These are not very impressive training loss scores, as the loss we would get for a model that put equal weight on each possible label (essentially shrugging its shoulders) would be

print(np.log(2))

0.6931471805599453

However, we can still test the model and see whether it might have learned anything that enables better-than-random predictions:

def test(model, data_loader):
    correct = 0
    total = 0
    # torch.no_grad creates an environment in which we do NOT store the 
    # computational graph. We don't need to do this because we don't care about 
    # gradients unless we're training
    with torch.no_grad():
        for data in data_loader:
            X, y = data
            X = X.to(device)
            y = y.to(device)
            
            # run all the images through the model
            y_hat = model(X)

            # the class with the largest model output is the prediction
            _, predicted = torch.max(y_hat.data, 1)

            # compute the accuracy
            total += y.size(0)
            correct += (predicted == y).sum().item()

    print(f'Test accuracy: {100 * correct // total} %')

test(model, val_loader)

Test accuracy: 52 %

So, our model did learn some signal that was useful in making predictions on the validation set, even though that wasn’t totally visible from the values of the training loss.

Data Augmentation

One of the most common problems in applied machine learning is:

I don’t have enough data to train my model.

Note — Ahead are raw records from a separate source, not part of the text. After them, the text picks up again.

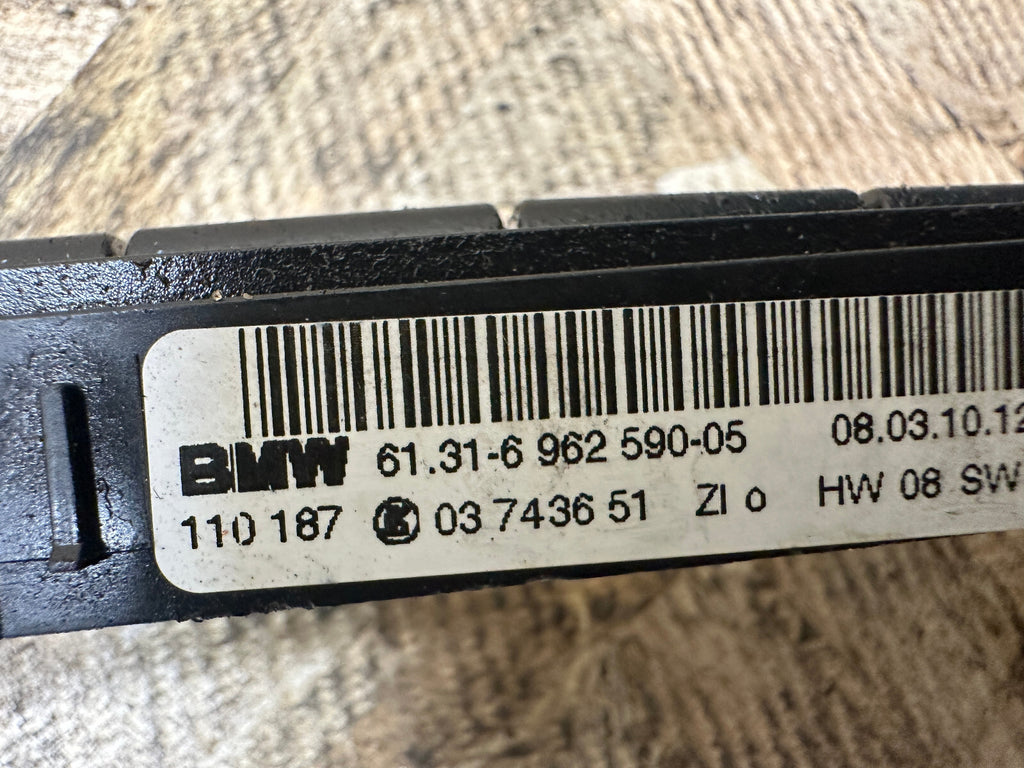 BMW 08-13 E90 3 SERIES PARKING DISTANCE CONTROL SWITCH PANEL OEM 6962590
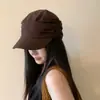 Chapéu de Aba Reta Estilo Coreano Nicho para Primavera e Verão, Chapéu de Equitação Vintage Plissado de Algodão e Linho Feminino, Versátil e Simples, Faz o Rosto Parecer Menor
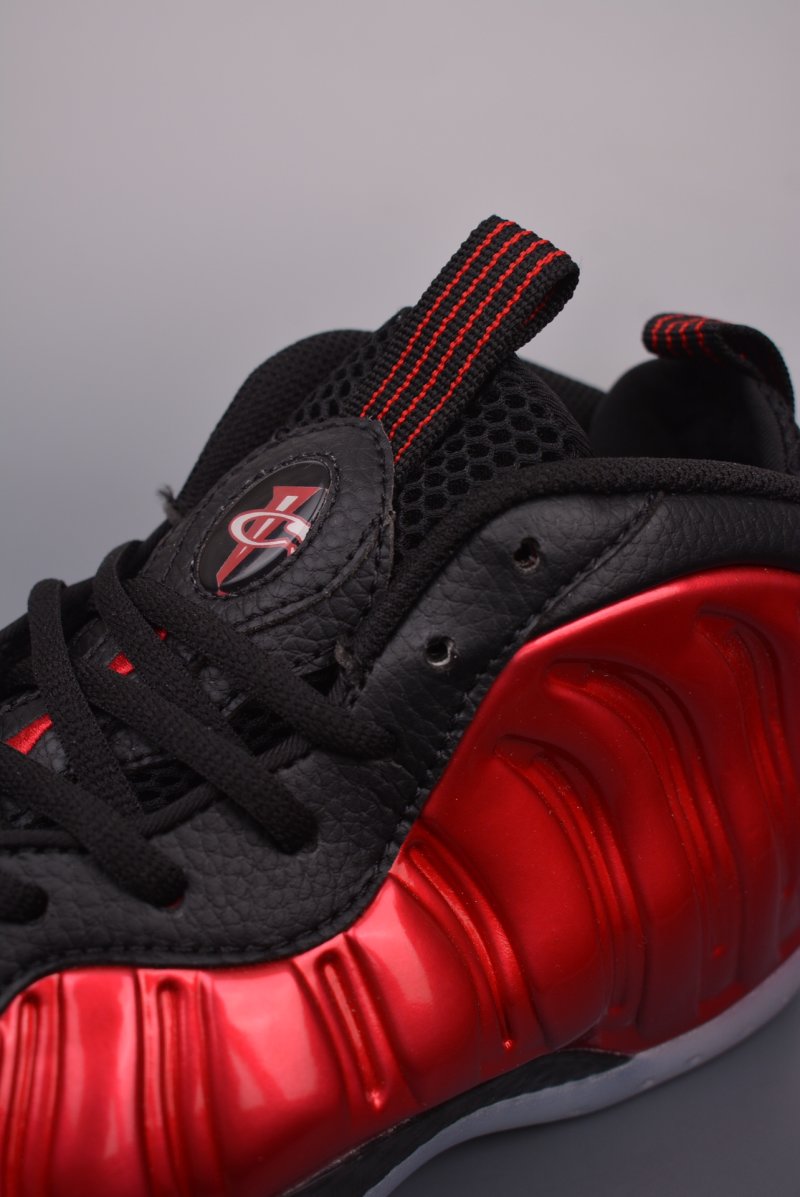Nike Air Foamposite One view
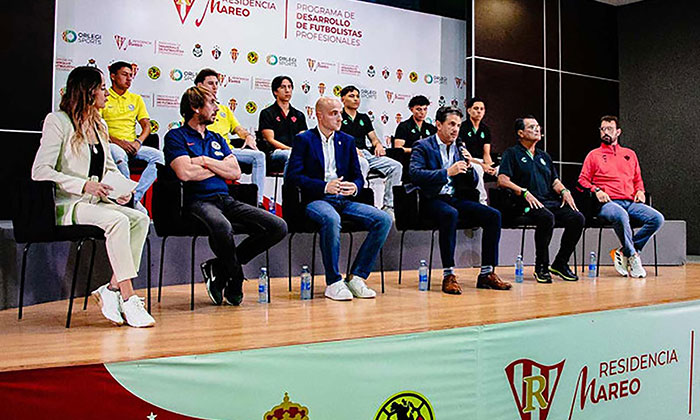 Presentan a futbolistas mexicanos que irán al Sporting de Gijón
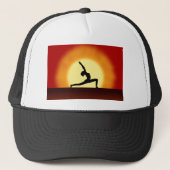 Yoga Pose Pose Silhouette Sunrise Hats Truckerkappe (Vorderseite)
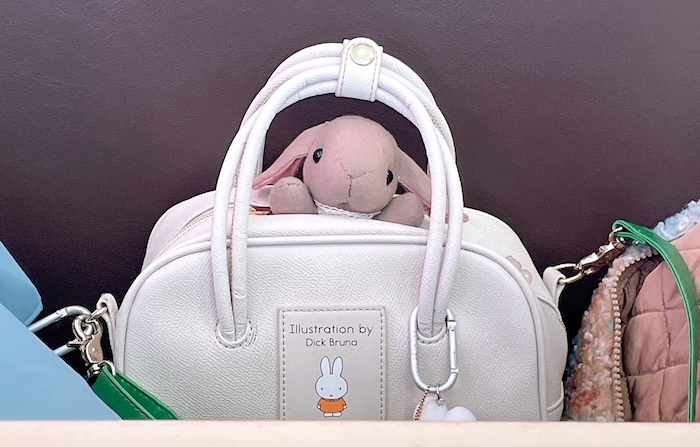 カバンから顔をだすうさぎのぬいぐるみ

Sometimes, in this situation, we are simply out of luck: if there’s not enough data then you need to train a simpler model, or go get more data. In some settings—especially in the setting of images—there are some techniques we can try. The first one is data augmentation.

Data augmentation techniques usually exploit certain so-called invariances in image data. Here’s an example of “rotation invariance.” Suppose I show you a picture of a cat:

X, y = train_data[14]
plt.imshow(np.moveaxis(X.numpy(), 0, 2))

Now suppose that I rotate the image a bit:

rotated = transforms.RandomRotation(90)(X)
plt.imshow(np.moveaxis(rotated.numpy(), 0, 2))

Well, that rotated image is still an image of a cat, just rotated a little bit. So, the correct label of the image is “rotation-invariant”: rotating the image doesn’t change the correct label. I could similarly flip the image upside-down, or crop it, or manipulate it in many other ways while still preserving it’s “cat”-ness. So, and this is a very special kind of circumstances, I can (sort of) get more data for free by rotating, flipping, and otherwise manipulating my images.

This cluster of techniques is called data augmentation. Theoretically, data augmentation is not just a hack to get “more” data; it also helps models to generalize by ensuring that they are really learning features of “cats” and not just “cats that are standing the right way up.”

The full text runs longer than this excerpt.